Saturday, January 09, 2016

Change what changes

It’s funny how much the much-ballyhooed beginning the new year looks an awful lot like going right back to normal.  Lights switch off, decorations get packed away, gifts received mix into what we already had, and rush hour bogs to a standstill once more.  Around the rectory we keep all the decorations up through Epiphany – actual, not observed: January 6.  In and around the church, we keep the Christmas season through this weekend, the Baptism of the Lord.  The poinsettias begin to falter, but the crèches continue to be a welcome sight.
The beginning of the calendar year is a time widely reputed to lend itself to reflection and resolution.  This year, it would seem we could add to the alliterative list also Redskins, which is a welcome change.  But when the television is off and we are left with post-holiday quiet, even only a moment or two, the changing of a calendar page can help us see the months ahead as a distinct and even different time.

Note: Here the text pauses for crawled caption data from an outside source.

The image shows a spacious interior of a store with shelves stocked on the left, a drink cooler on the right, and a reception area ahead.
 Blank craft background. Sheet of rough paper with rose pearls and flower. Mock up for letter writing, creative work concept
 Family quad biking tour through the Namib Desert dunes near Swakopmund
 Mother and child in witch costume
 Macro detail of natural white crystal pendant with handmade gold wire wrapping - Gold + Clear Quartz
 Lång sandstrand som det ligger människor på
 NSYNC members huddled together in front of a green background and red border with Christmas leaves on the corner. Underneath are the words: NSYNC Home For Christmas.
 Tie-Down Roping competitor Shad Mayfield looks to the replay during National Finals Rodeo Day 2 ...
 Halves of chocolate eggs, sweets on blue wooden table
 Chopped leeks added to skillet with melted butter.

What will be different this year?  What can be different this year?  Media mouths are full of suggestions about what is going to happen around us in the coming year, and changes we should undertake ourselves.  But it dawns on me that you and I might have enough information and insight already in our own recent experience to make some decisions, and some changes.
Everyone around us just went through the cultural events Americans call The Holidays.  Some of our neighbors expressly have no interest in either Christ’s birth or the associated celebrations, usually because of a strong belief that rejects that Jesus is God become Man.  But even most of them did something during this cultural season derived from the Christian event, even if it only included having certain days off or going to parties.   And that’s okay.  In fact, it can even be a good thing, if it gives us a comparison by which to evaluate our own actions.
We all know folks who wrote Christmas letters or sent greeting cards, which they only do at Christmas.  We also probably know people who went to church to celebrate Christmas, even though they normally do not. So, ask yourself this: what did I do differently because it was Christmas, that I don’t do at other times of the year?
Okay, that’s an easy one.  So here is one that is like it, but a little bit harder: what did I do at Christmas because I know and believe in Jesus, that was different from what was done by those who do not?
So, those two questions are the reflection part: evaluations of the (recent) past.  But now we need something for the future, what could be called a resolution.  Start with this one: what of all the things that I did especially for Christmas, should I try to do also during the rest of the year?
And then there’s one that might give any of us material to start the year: what will I do this coming year because of Christ’s birth, that will be different from what is done by those who do not know and believe in Jesus?
Pope Francis said in his Christmas homily, Today, the Son of God is born, and everything changes.  Too often, when the calendar year changes, everything that changed for Christmas, changes back to the way it was before.  Why not make this the year when in your life, that is what changes?